TBD: diagram

1. Create replication slot

This way, you preserve WAL (new changes) from being deleted. This would also create a snapshot of a current state. Snapshot can be exported, or reused in current transaction.

Create new replication slot to preserve future changes

2. Import existing data.

In replication only changes are streamed. Current state needs to be backuped manually.

Copy existing data; AKA backup

Physical replication:

There is a mechanism to make a backup of a running server, called “base backup”. You need to specify snapshot name, to avoid data races. Base backup is tar archive of current pg_data folder, that can be used as replica initial data.

Logical replication:

Base backup would not work here, but we have a snapshot, that allows us to query DB, using that exact state. So we fetch all the data in old fashioned way, using COPY foo TO or SELECT FROM foo command.

COPY is prefered, since it’s faster, and is available in simple protocol.

3. Subscribe and Stream changes.

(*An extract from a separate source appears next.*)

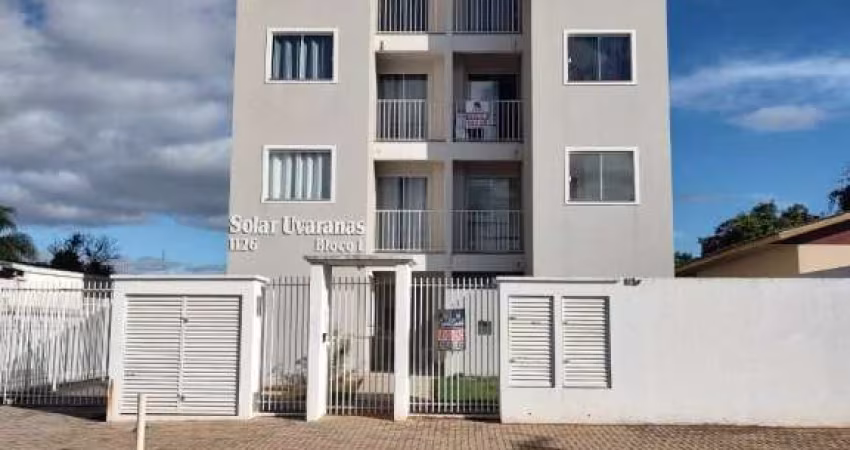 Apartamento para venda, Resid Solar Uvaranas, Ponta Grossa - AP413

Protocol

After START_REPLICATION SLOT command server sends all updates. Format depends of slot. Physical is raw WAL, while Logical depends of decoding plugin, specified it this command

Receive and apply changes from WAL stream

pgoutput for example, uses same encoding as regular query results. Since 14.0 binary encoded rows are also awailable.

4. Always Commit changes

After data was successfuly processed and is no longer needed, update WAL positions via Standby status update message. This would unlock garbage collection of old log files.

5. Resume streaming

After restart (regular, crash, powerloss…)

If slot IS NOT lost:

Goto P3 and continue streaming from last commited position, no additional actions are required.

If slot IS lost:

Clean the data Goto P1, and start from scratch